Su rostro entristecido, surcado por las huellas infinitas de tantas vivencias, se reflejaban en un saco “de modé”, con cuadros vivos, que muy lejos estaba de conjugar tonalidades, como otrora era su costumbre.
¿Por qué esa triste y pobre imagen? Me pregunté con insistencia. Tantas obras grabadas por los más caros valores del tango, incluido Carlos Gardel, tanta producción registrada. Tantos derechos de autor, como contratos por presentaciones, premios, distinciones y otros ingresos, no se ajustaban a la realidad de esa figura tan deteriorada en una persona tan importante.
Sin dudas, su prolífera creación (más de mil doscientas obras) fue en parte la síntesis de una bohemia sin par, que tuvo el envidiado privilegio de ver pasar la historia: “Como un dilema” y “Anclaó en Paris”, recogiendo experiencias como, “Ave de paso”, seguramente evocando tantas vivencias de, “Aquellas farras” que pasaron tal vez, “Barajando recuerdos", por “Brumas”, “Cabaret”, “En la buena y en la mala”, durante “Cien años” “Como un sueño”, o como una “Estrella fugaz”, sin que se encuentre cerca a “El que atrasó el reloj” por “La calle sin sueño”, “Cortando camino”, muy cerca de “La casita de mis viejos” donde siempre habrá un “Cantor de buenos aires” entonando “Pa´ que bailen los muchachos”, “Igual que una sombra”, poblado de repetidas “Nostalgias”, de un interminable “Orgullo tanguero”, evocando “Viejas alegrías”, cuando “Yo tan solo veinte años tenía”.-
“Me siento triste y viejo… la vida es un reloj”
Perteneció a un privilegiado y escaso grupo que vivió durante todo un siglo, con tiempo suficiente para lograr realizar todas las cosas posibles, pero prefirió que su destino fuese solo uno, encaminado a ofrendarle tributos al Buenos Aires de todos las épocas: “Pudo ser un poeta destacado de la generación del veintidós, como lo prueba una lectura de Canciones grises: (El Pigall ha quedado desierto y bostezando,/ enmudeció la orquesta sus salmos compadrones, / las rameras cansadas se retiran pensando/ en sus lechos helados como sus corazones), pero prefirió -como Manzi- transformarse en letrista, e historiar, recuperar, los aspectos menores de la vida porteña” (Horacio Salas , El Tango,1986).

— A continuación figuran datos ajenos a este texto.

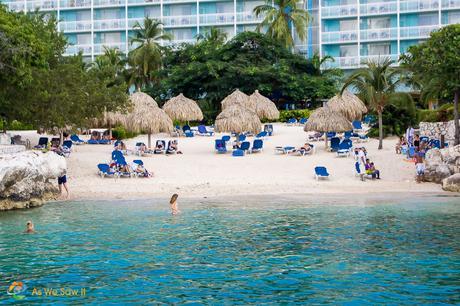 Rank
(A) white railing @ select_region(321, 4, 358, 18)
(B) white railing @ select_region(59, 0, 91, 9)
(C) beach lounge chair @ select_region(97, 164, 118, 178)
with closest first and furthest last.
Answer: (C) beach lounge chair @ select_region(97, 164, 118, 178) → (A) white railing @ select_region(321, 4, 358, 18) → (B) white railing @ select_region(59, 0, 91, 9)

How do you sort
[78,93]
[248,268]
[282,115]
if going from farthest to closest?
[282,115]
[78,93]
[248,268]

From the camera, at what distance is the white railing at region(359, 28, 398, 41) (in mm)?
62688

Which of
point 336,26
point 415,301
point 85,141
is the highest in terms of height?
point 336,26

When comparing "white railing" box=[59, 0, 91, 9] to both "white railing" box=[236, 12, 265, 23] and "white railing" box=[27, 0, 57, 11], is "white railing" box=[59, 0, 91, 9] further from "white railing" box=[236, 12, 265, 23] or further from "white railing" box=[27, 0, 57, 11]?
"white railing" box=[236, 12, 265, 23]

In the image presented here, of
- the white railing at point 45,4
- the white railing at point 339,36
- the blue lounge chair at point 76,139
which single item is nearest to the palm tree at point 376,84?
the blue lounge chair at point 76,139

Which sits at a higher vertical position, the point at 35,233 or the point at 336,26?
the point at 336,26

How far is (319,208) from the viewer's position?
70.8 ft

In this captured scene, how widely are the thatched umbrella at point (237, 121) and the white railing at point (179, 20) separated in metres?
35.2

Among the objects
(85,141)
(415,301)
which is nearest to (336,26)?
(85,141)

El manejo del lunfardo está presente a lo largo de toda su obra, cuando rescata imágenes porteñas y vocablos ya olvidados del uso popular: “rastis” (policías), “queco” (prostíbulo), “rofo” (bolsillo interno del forro del saco), “filo mishio o filo mocho” (fajos de dinero falsos que solo el primero es original), “beguen” (amor perverso), como aporte a lo que fue el habla cotidiana en determinados lugares de la “belle epoque” porteña.
Su existencia azarosa, mezclada de esas vivencias contenidas y atesoradas como testigo silencioso de la totalidad de un siglo, y nada menos que del siglo veinte, el de la Argentina ilusionada, pujante, potencia y a la vez desgranada, estafada, y lacerada por sus propios hijos, le posibilitó un conocimiento pleno y perdurable de lo que hoy tenemos como iconos de cultura.
Quizá por ello, se lo aprecie como: “Un poeta incontrastable del arte popular de Buenos Aires que, en el definitivo esdrújulo de su solo apellido, se define sin errores posibles. Una forma de ser hombre de estos lados. La antigua poesía del porteño que –una vez- quiso cruzar el mar, aleteando en los vientos sus alas fantasmales de papel. Porque decir Cadicamo, ya basta”. (Catulo Castillo, prólogo de la Historia del tango en Paris.)
Muchos me contaron que, hasta el final de sus días, se mantuvo lúcido y con ganas de seguir trabajando, pero yo lo volví a ver en otras ocasiones, alguna vez intercambiamos algunas ideas. Y hasta se enteró que uno de mis libros tiene como título, un pedazo de uno de sus tangos: “Como adiós inteligente de los dos” (Por la vuelta, 1938).
Don Enrique, falleció el 3 de diciembre de 1999 en su querida Buenos Aires, por lo que habría cumplido 107 años.
Pero en verdad, cuando lo conocí… era ya otro Cadícamo.